The fossil record also demonstrates that the causative linkages and feedbacks do not always occur in simple or immediate ways—careful and creative investigations are usually required to demonstrate cause-and-effect relationships. A chemist can replicate an experiment many times to demonstrate a cause-and-effect relationship and can thereby reject a hypothesis when it is not supported by the replicated results. However, for historical sciences, our “experiment” has been run and it cannot be precisely replicated. In addition, there often are multiple causative factors as well as complicated feedbacks that controlled events recorded in the fossil and archaeological records. Accordingly, the task of historical scientists studying evolution is to test hypotheses through other means (e.g., Frodeman, 1995):

  • By looking for robust correspondences of events in time and in the predicted cause-before-effect order. This requires an accurate and precise understanding of the ages of events.

  • By testing whether the predicted cause-and-effect outcome took place multiple times, either under similar situations at different geologic times or, in the case of evolution and ecology, across multiple taxa (different organisms) for a given event. For example, multiple groups of animals with similar characteristics can be analyzed to determine whether their fossil records responded in similar ways to a proposed causative event (e.g., Vrba, 1988, 1992, 1995; Potts, 1996a, 1998).

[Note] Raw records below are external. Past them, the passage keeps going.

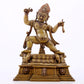 A solemn alloy copper inlaid silver Vajra statue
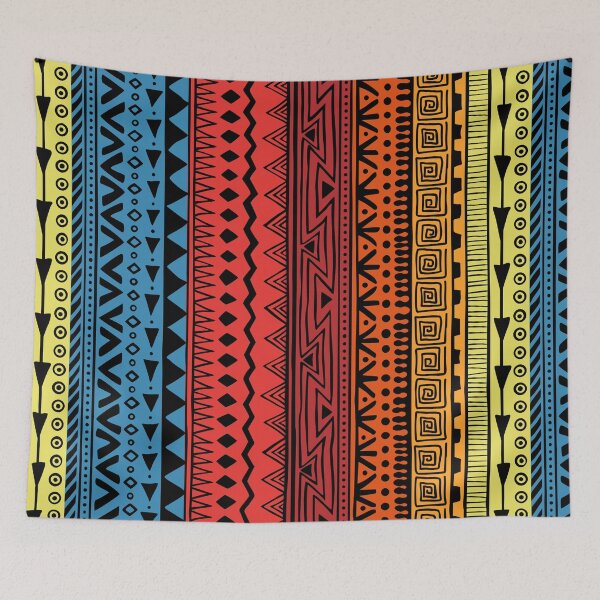 Item preview, colorful Tribal pattern template elegant symmetric classic tradition decor designed and sold by mashmosh.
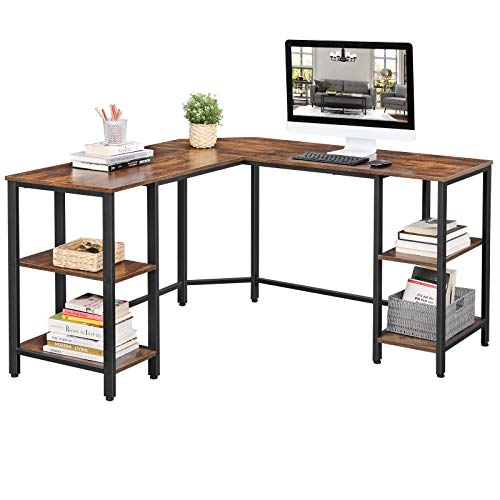 VASAGLE L-Shaped Computer Desk, Corner Desk with Storage for Home Office, 4 Shelves Writing Study Workstation, Industrial Style PC Laptop, Spacious Table Top, Rustic Brown and Black ULWD76X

  • By “rerunning” this historical experiment multiple times with computer models, to test and understand the underlying dynamics of the possible cause-and-effect relationship as informed by a combination of hypothesized causal factors (climate forcing functions), initial environmental conditions, and findings from the fossil record.

An important consideration in any discussion of causality is the possibility that hominin evolution was largely unaffected by climate change—the evolution–environment “null hypothesis.”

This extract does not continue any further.